« Violences policières » : qu’est-ce que la « doctrine Grimaud » évoquée par Anne Hidalgo ?

Maurice Grimaud, préfet de police, en mai 1968 à éviter le pire pendant les évènements //JOEL SAGET / AFP

VIDEO – Invitée ce matin sur France Inter, la maire de Paris a demandé au ministre de l’Intérieur Christophe Castaner de revenir à la « doctrine Grimaud » de maintien de l’ordre. Mais en quoi consistait cette doctrine ? Explications.

Invitée mercredi 22 janvier dans la Matinale de France Inter, la maire de Paris ne mâche pas ses mots à l’égard du ministre de l’Intérieur Christophe Castaner et de Didier Lallement, préfet de police. Sur l’antenne, elle déclare :

« Il y a un vrai problème de maintien de l’ordre. (…) Il faut absolument que le préfet de police de Paris revienne à la doctrine Grimaud, le préfet de 1968, qui a été un des penseurs de la doctrine en matière de maintien de l’ordre, c’est-à-dire permettre l’expression libre de toutes les manifestations, et éviter qu’il y ait des morts ou des blessés. »

 

La doctrine évoquée par la maire de Paris n’a jamais été institutionnalisée mais elle reste gravée dans la mémoire collective, notamment  pour ceux qui ont connu Mai 68.

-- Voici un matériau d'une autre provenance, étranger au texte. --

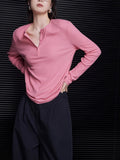 Pink Long-Sleeved Temperament Knitted Shirt T-Shirt Design Small 2025 Early Autumn Bottoming Shirt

Alors que la capitale vit un moment quasi-insurrectionnel, le bain de sang est évité. Plusieurs centaines de personnes sont blessées mais aucun mort n’est à déplorer. La raison ? Maurice Grimaud, préfet de police depuis un an à peine, choisit de mettre en place un maintien de l’ordre particulièrement tolérant face aux manifestants.

Voulant en finir avec « une certaine culture de la violence » instaurée par son prédécesseur Maurice Papon, il tente d’apaiser les relations entre les policiers et les manifestants. Dans une lettre, datée du 29 mai 1968, il s’adresse aux forces de l’ordre et leur écrit ce passage resté célèbre :

« Frapper un manifestant tombé à terre, c’est se frapper soi-même en apparaissant sous un jour qui atteint toute la fonction policière. »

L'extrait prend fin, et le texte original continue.